For the past month or so, whenever I could sit down and work on Gophercloud, I spent the time studying OpenStack, Microsoft, Amazon, and Google solutions for cloud file storage, looking for any commonality between them that I could capitalize on when defining the Gophercloud cloud files API. Support for OpenStack cloud files comes relatively easy. Laying the plans to support the equivalent services from Amazon, Microsoft's Azure, and Google's AppEngine all using the same interfaces, however, proved substantially more daunting than I anticipated. It's not that these services' particular APIs were all that hard to use. Indeed, each of these services offers, superficially, the same class of service. Their respective details differ, however, in such a way as to impede easy abstraction.
To restore the parity of feet and terra firma, and actually start pushing code again instead of daydream, I decided to punt on supporting everything from everyone, and just focus once again on OpenStack. It's what I know, and, based on exchanges on the development mailing list and in Github tickets, it's what those actually using Gophercloud seem to expect the most.
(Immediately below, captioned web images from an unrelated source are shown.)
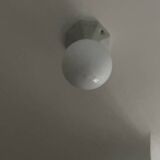 antique ceiling light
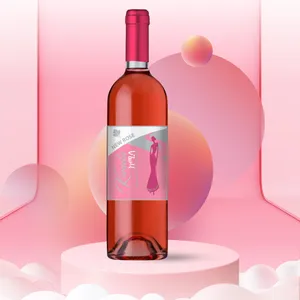 Kemila Semi Sweet Rose Wine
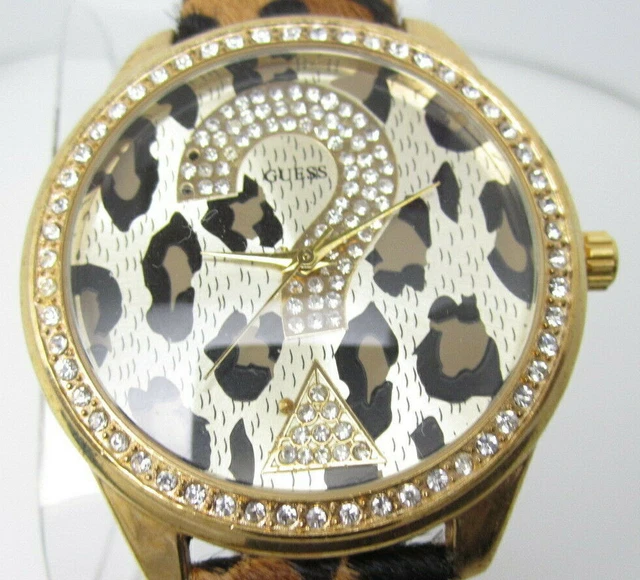 OROLOGIO DA UOMO Swatch Irony Face Analogico Cinturino in pelle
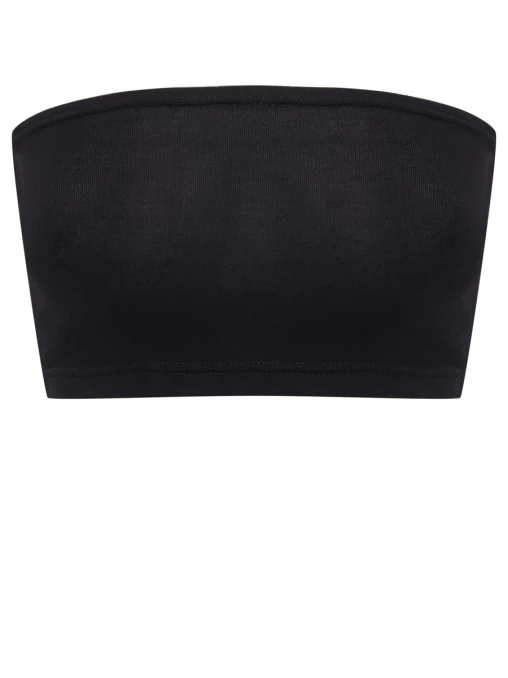 Топ-бандо однотонный MAURIZIO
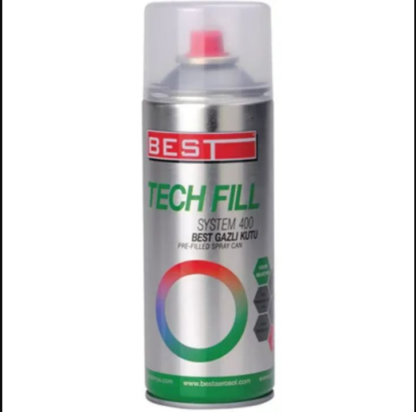 Best Sprey Gazli Kutu BG400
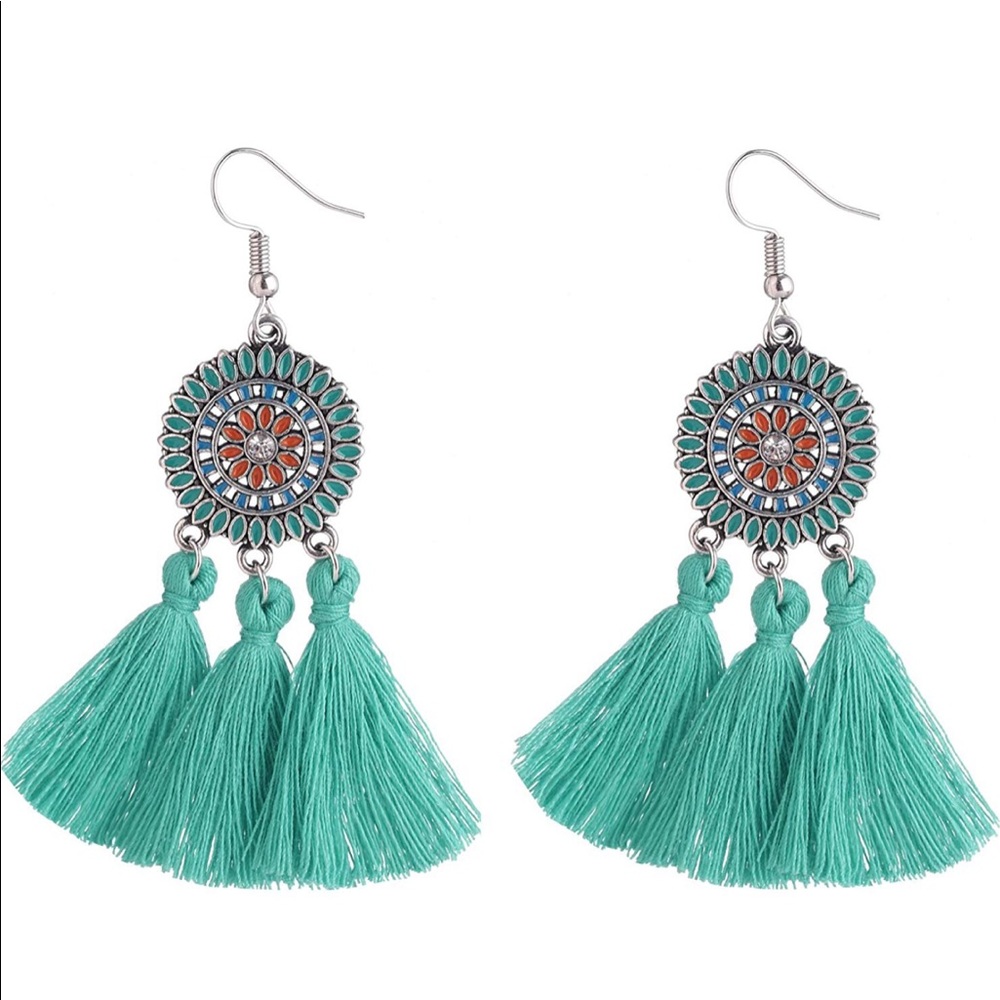 Bohemian Earrings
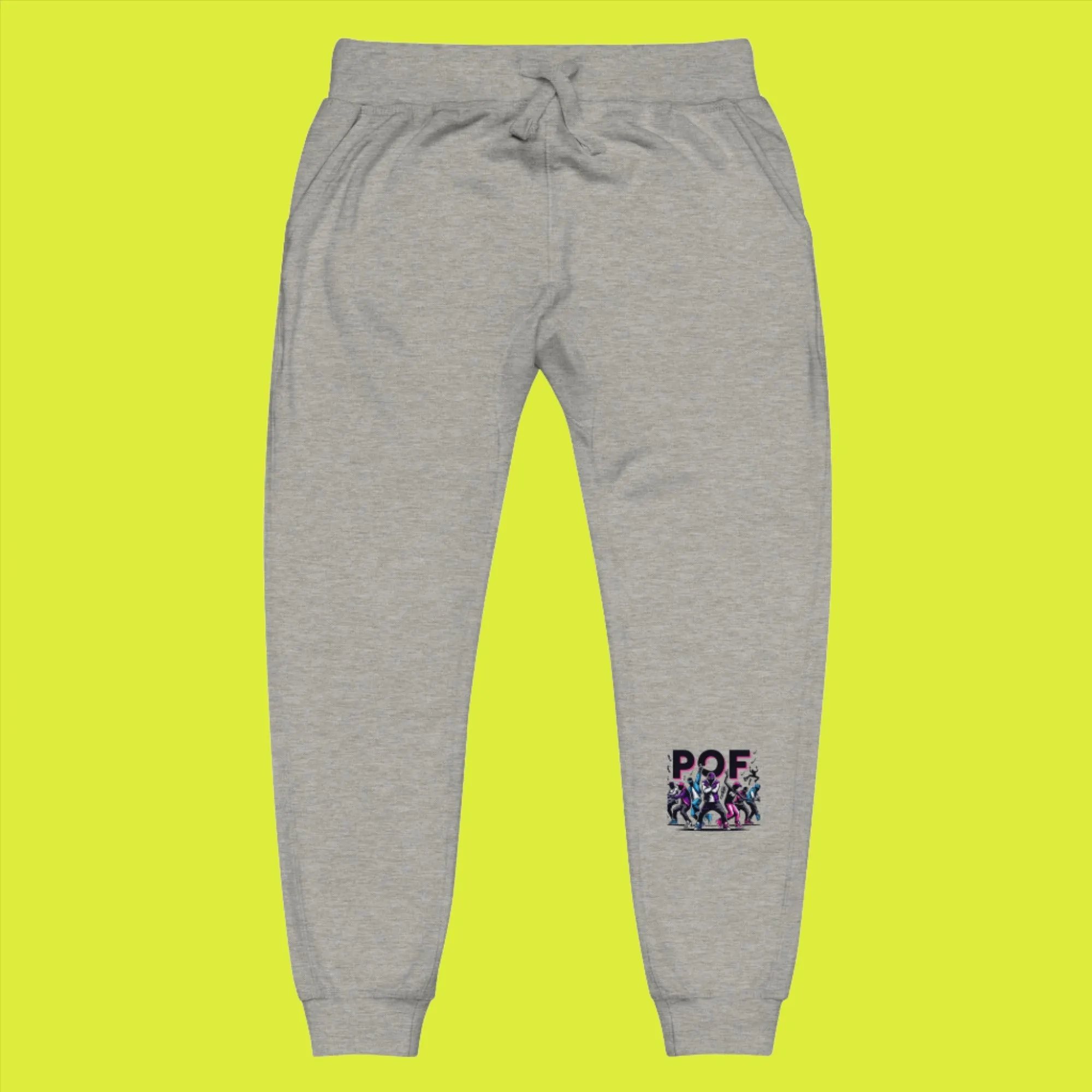 Pearl of Faith Unisex fleece sweatpants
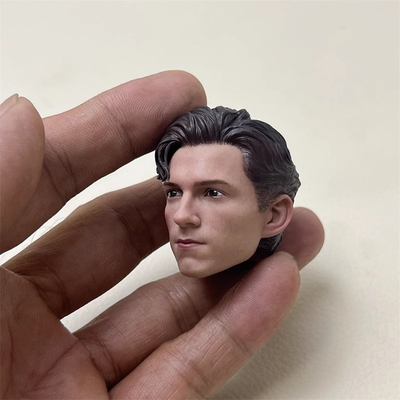 现货 TTTOYS 1/6 兵人 蜘蛛侠2英雄远征汤姆赫兰德头雕 TQ210407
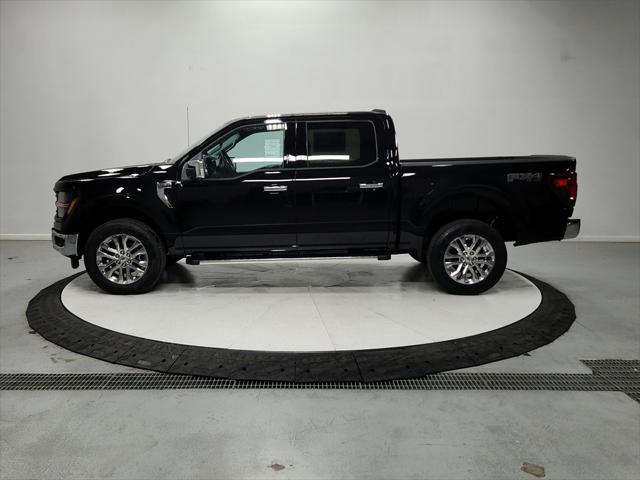 new 2024 Ford F-150 car, priced at $56,620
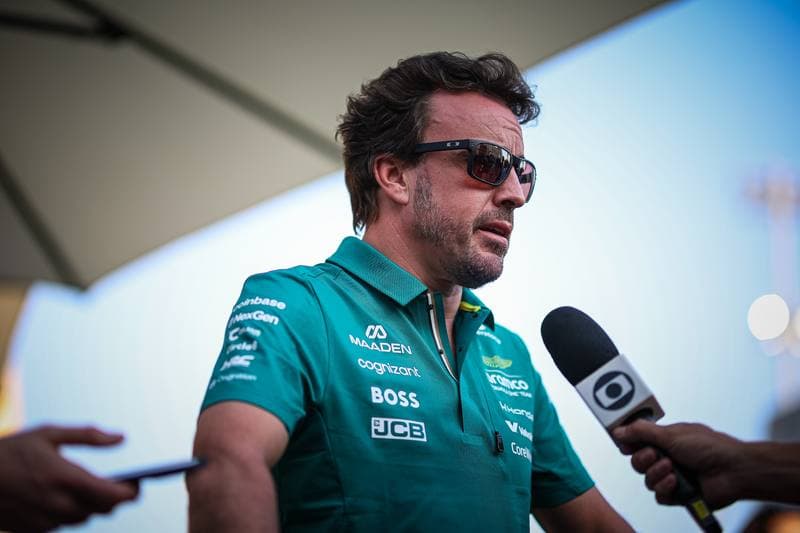 Motorsport. Formula 1. Pre Season Testing. 11.02.2026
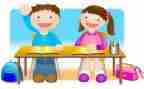 小学生我的同学作文7篇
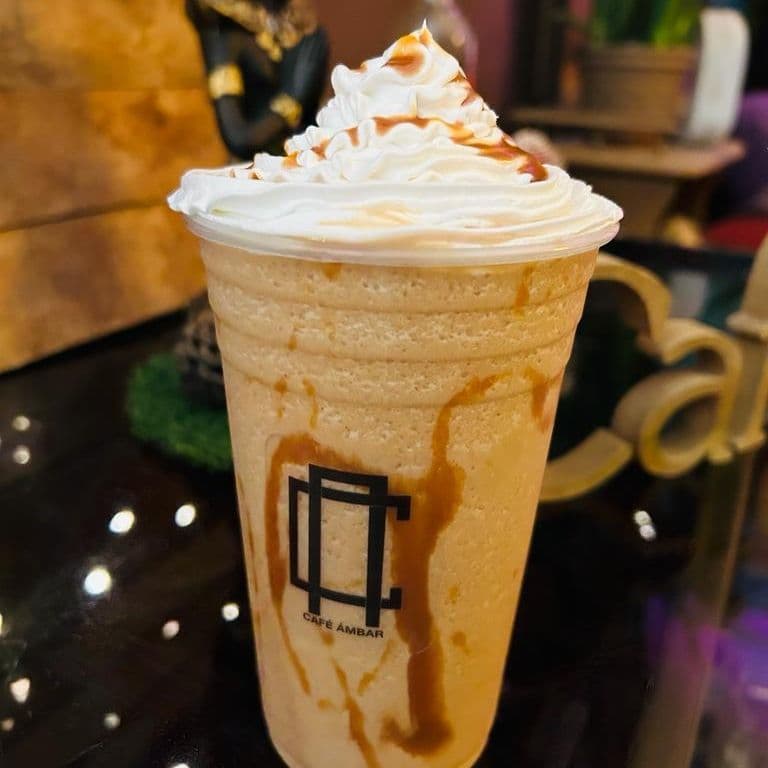 Frappé Vainilla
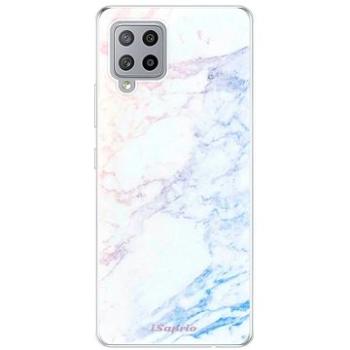 iSaprio Raibow Marble 10 pro Samsung Galaxy A42 (rainmar10-TPU3-A42)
So, expect more pull requests soon.
When, however, will the multi-vendor support become a reality? This has been a contentious issue in the past, and Rackspace's SDK support priorities have always been Openstack, Rackspace, and then other providers. However, my gut tells me that Gophercloud lacks more contributors largely because it hasn't addressed support for more providers yet. Thus, I feel motivated to address multi-vendor support as soon as I'm happy with its cloud files support.
Once I define the precedent for an API's basic design, filling in missing functionality typically involves a handful of lines of code for each end-point. Indeed, if Go supported macros, they could help trivially implement many of the compute-related functions. The real excitement lies with making Gophercloud multi-vendor capable, for in there lies the more interesting problems to solve.
Unless I receive strong support for the staying the course, I think the time has come that I should invest effort in widening support for multiple vendors. After all, this has always been part of Gophercloud's promise from day one, and I'd feel disingenuous for going too long without addressing this feature. Besides, having existing infrastructure for more platforms might provide the way by which additional contributions, especially for non-OpenStack platforms, come. Taken at face value, "Build it and they will come," may not always hold true. Sometimes, I think, folks just want a paved road to the construction site.